Data for review:
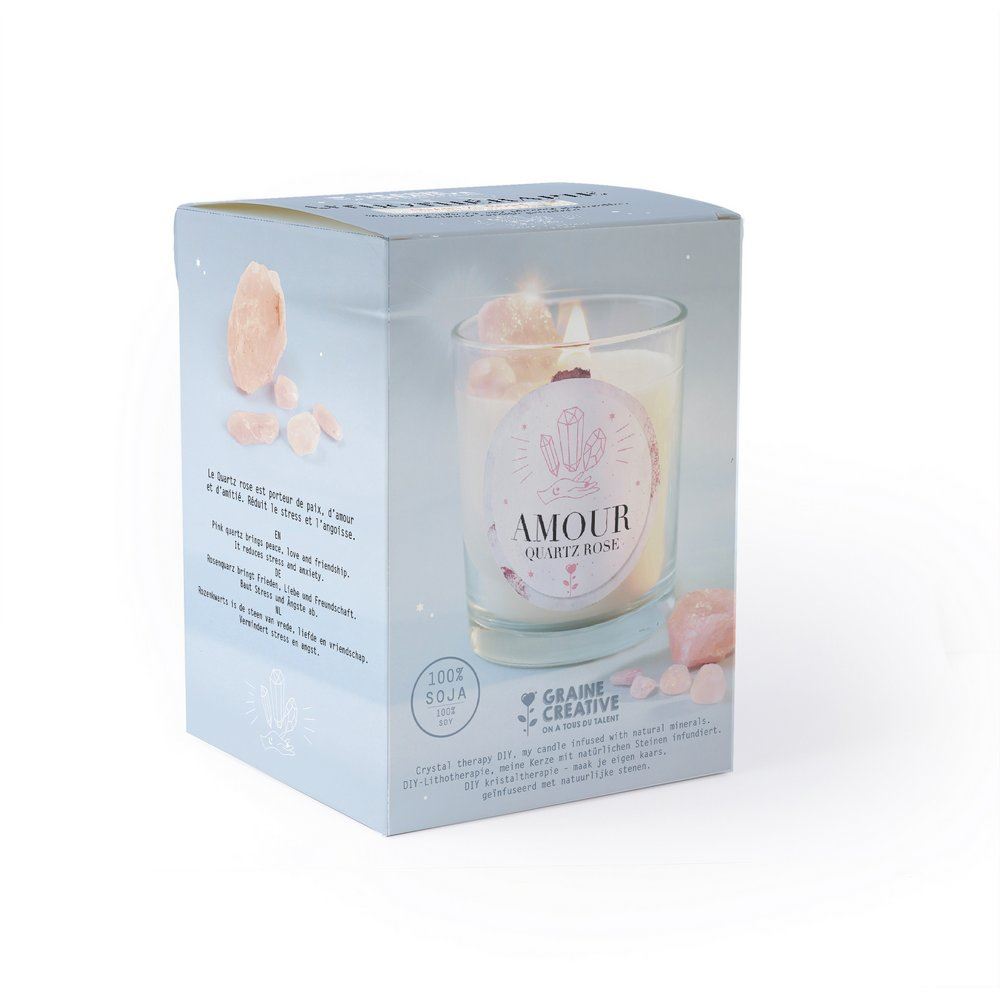 Candela Di Soia Con Quarzo Rosa E Petali – Regalo Speciale Per Un'amica Con Dedica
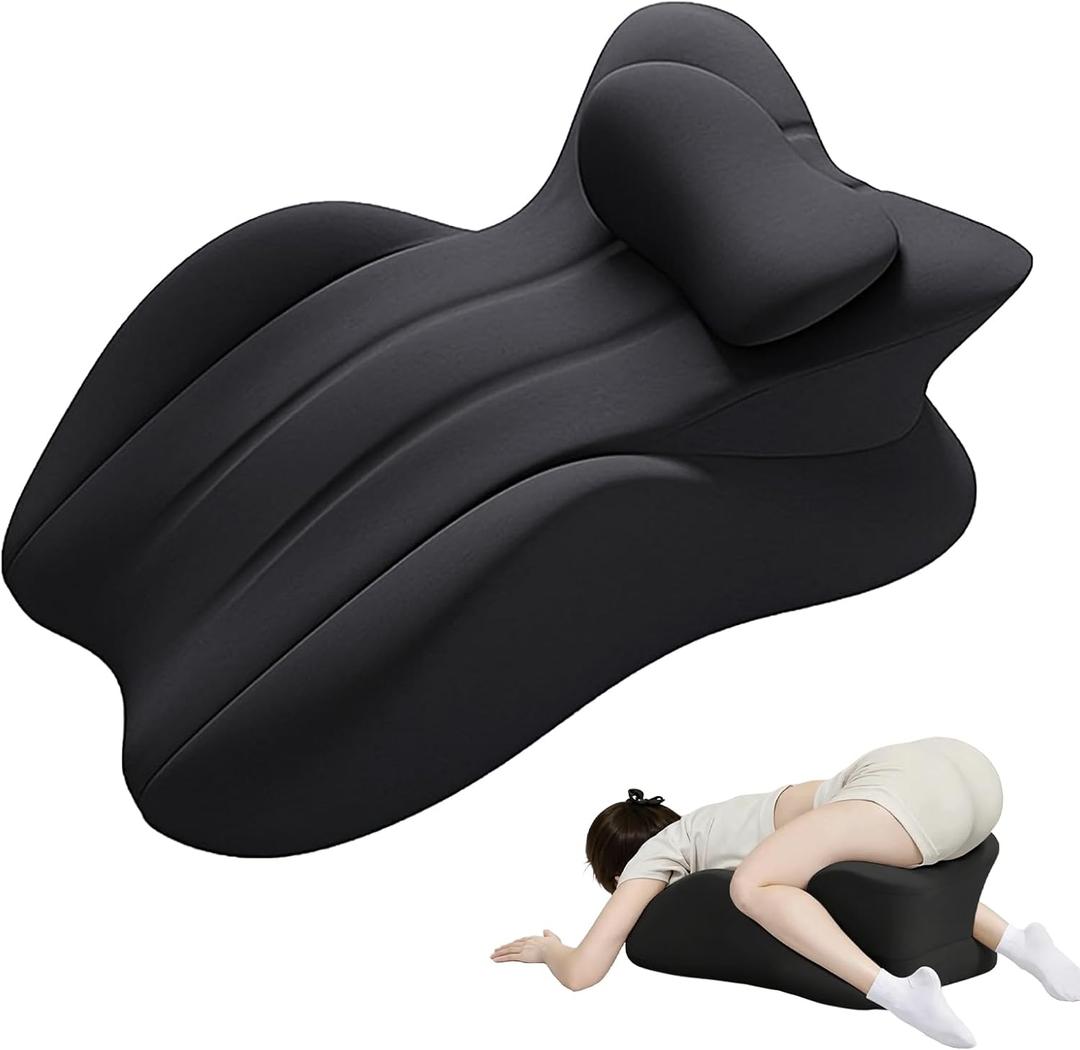 Mavnaiiz Memory Foam Wedge Pillow, 27° Angled Ergonomic Contoured Intimacy Couples Positioning Pillow for Reading, Back & Neck Support, Multi-Functional Body Support Cushion with Removable Cover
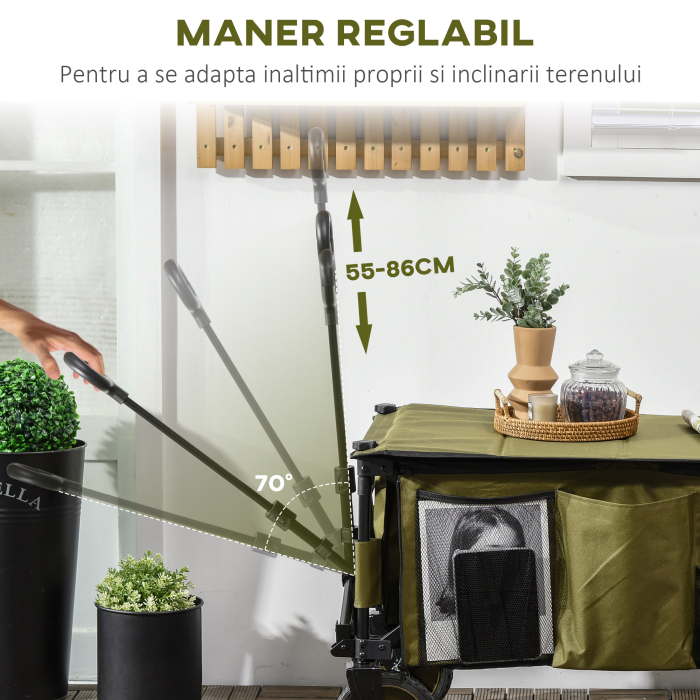  Carucior de Gradina 125L Pliabil cu Maner si 5 Saci, 108x55x93 cm, Verde [4]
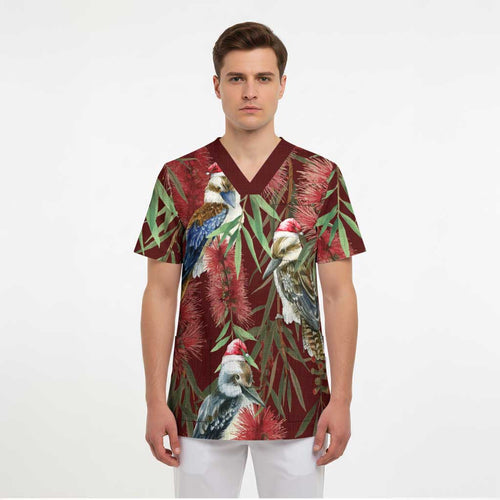 Australia Christmas Scrub Top Kookaburra Santa on Red Bottlebrush - Aussie Hoodie
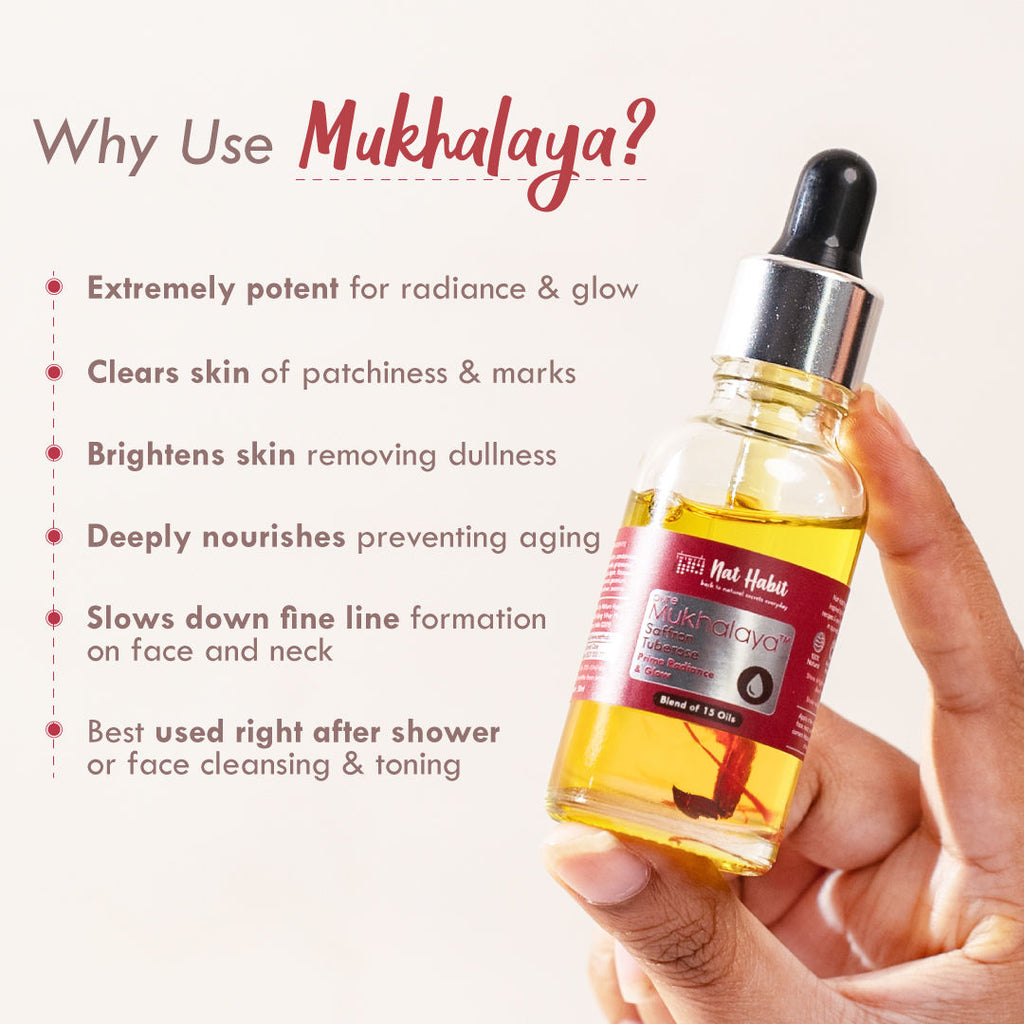 Pure Saffron Tuberose Face Oil For Glowing Skin, Radiance & Glow Facial Oil Mukhalaya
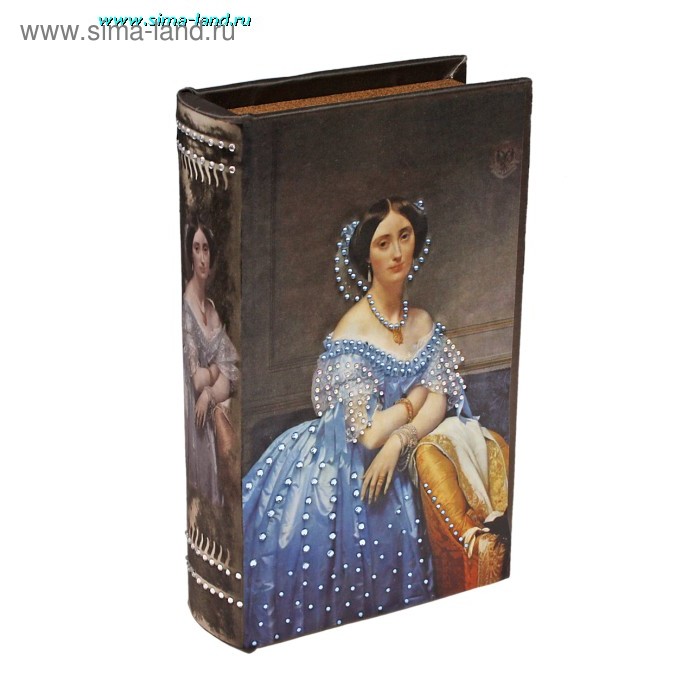 Шкатулка-книга дерево "Дама в голубом" шёлк, стразы 21х13х5 см - Фото 1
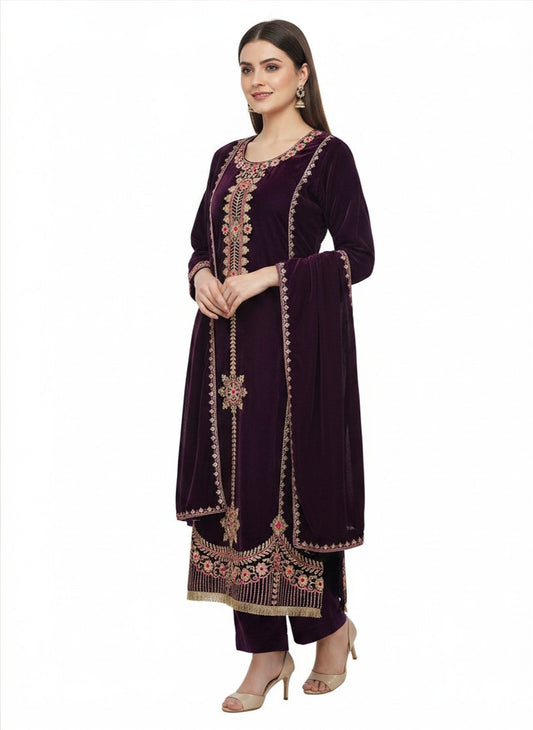 Elegant Royal Purple Velvet Embroidered Salwar Suit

What you are asked to do: Please print all the entries exactly as written, but drop the pictures.

Final answer:
 Candela Di Soia Con Quarzo Rosa E Petali – Regalo Speciale Per Un'amica Con Dedica
 Mavnaiiz Memory Foam Wedge Pillow, 27° Angled Ergonomic Contoured Intimacy Couples Positioning Pillow for Reading, Back & Neck Support, Multi-Functional Body Support Cushion with Removable Cover
  Carucior de Gradina 125L Pliabil cu Maner si 5 Saci, 108x55x93 cm, Verde [4]
 Australia Christmas Scrub Top Kookaburra Santa on Red Bottlebrush - Aussie Hoodie
 Pure Saffron Tuberose Face Oil For Glowing Skin, Radiance & Glow Facial Oil Mukhalaya
 Шкатулка-книга дерево "Дама в голубом" шёлк, стразы 21х13х5 см - Фото 1
 Elegant Royal Purple Velvet Embroidered Salwar Suit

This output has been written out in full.